Les tenants et aboutissants de cette affaire.

Cet été 2009 n’a pas eu « son feuilleton », comme le Maroc en avait pris l’habitude ces dernières années. Pas de barons de la drogue traqués, pas de scandale financier, pas de cellule terroriste démantelée… Les Marocains se seraient même ennuyés sous la canicule si le Ramadan, commençant cette année 10 jours avant la fin du mois d’août, n’avait accaparé leur attention, les incitant, d’abord, à profiter le plus possible de leur congé écourté, ensuite, à réfléchir aux dépenses du mois sacré qui suivaient celles des vacances et précédaient celles de la rentrée scolaire…

Les faits

Mais voilà que le 26 août, un communiqué du ministère du protocole et de la chancellerie est rendu public.
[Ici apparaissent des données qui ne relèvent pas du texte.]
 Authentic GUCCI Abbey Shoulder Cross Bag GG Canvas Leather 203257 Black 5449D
Un communiqué sans précédant.

Il annonce (texte intégral) : « Sa Majesté le Roi Mohammed VI, que Dieu l’assiste, présente une infection à rotavirus avec signes digestifs et déshydratation aiguë nécessitant une convalescence de cinq jours.
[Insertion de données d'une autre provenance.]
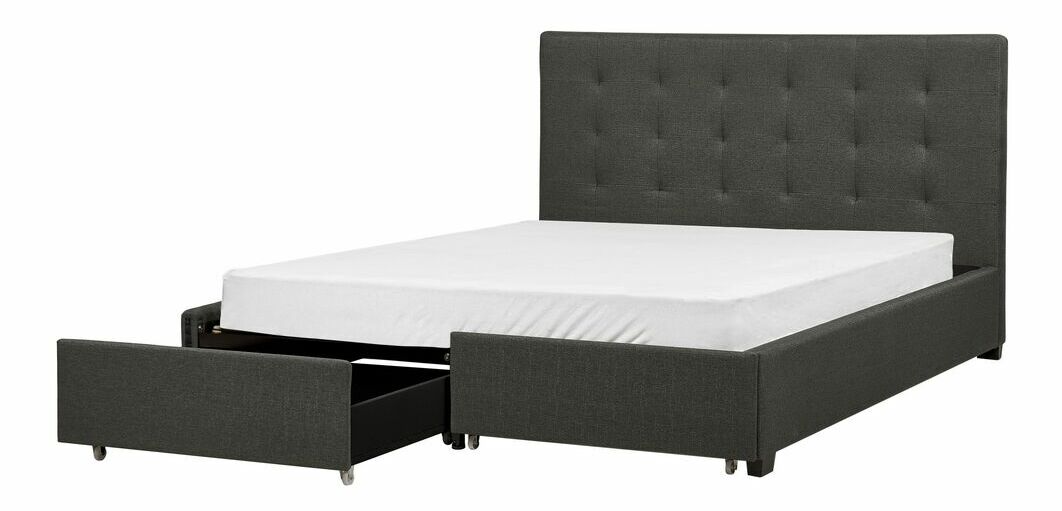 Manželská postel 160 cm Rhiannon (šedá) (s roštem a úložným prostorem)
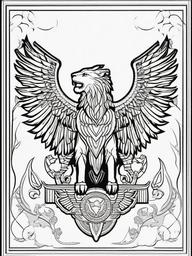 Griffin Coloring Pages - Half Lion, Half Eagle Guardian  minimal black outline printable sheet, coloring page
L’état de santé de Sa Majesté le Roi ne justifie aucune inquiétude.

Signé : Professeur Abdelaziz Maaouni, médecin personnel de Sa Majesté le Roi et directeur de la clinique du Palais Royal.

Que Dieu préserve l’auguste personne de Sa Majesté le Roi, accorde longue vie à notre Souverain sous son aile protectrice et le gratifie de bonne santé, de bien-être et de bonheur.
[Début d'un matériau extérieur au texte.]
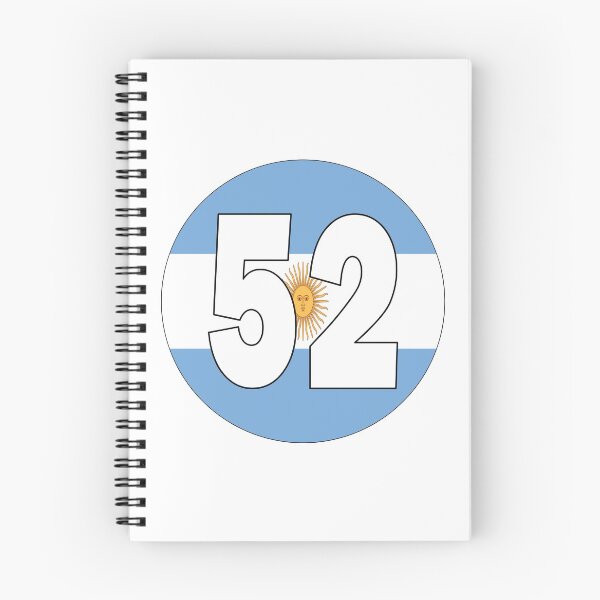 Item preview, Number 52 with Argentina flag on the background designed and sold by AllShirts21.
Que le très haut le comble en la personne de Son Altesse Royale le Prince Héritier Moulay El Hassan, avec le soutien de son frère SAR le Prince Moulay Rachid et l’ensemble de la famille royale ».

Jamais, dans l’Histoire du Maroc, un communiqué officiel n’avait annoncé une maladie du Roi et encore moins donné les détails de ce dont, le cas échéant, souffrait le Souverain.

Sous tous les règnes qui se sont succédés, la santé du Roi était un sujet tabou. Seuls ses médecins personnels en avaient les détails et le peu que le peuple en savait suite à quelque indiscrétion, ici ou là, ne se disait pas… Ou se chuchotait à peine.

Le fait que le Palais royal innove en 2009 et que dans un communiqué du ministère du protocole et de la chancellerie, le médecin personnel du Roi donne, en toute transparence, les détails des problèmes de santé du Roi en cette fin août : le nom de l’infection qu’il présente (infection à rotavirus), ses symptômes (signes digestifs et déshydratation aiguë) et même le nombre de jours de convalescence prescrits (cinq jours), a donc été accueilli avec grande surprise.

La première réaction des Marocains a été de se ruer sur internet pour en savoir plus sur cette « infection à rotavirus » dont la plupart n’avait jamais entendu parler.

Les media, chargés d’informer l’opinion publique, en ont fait de même, bien sûr, avant d’y aller de leurs commentaires...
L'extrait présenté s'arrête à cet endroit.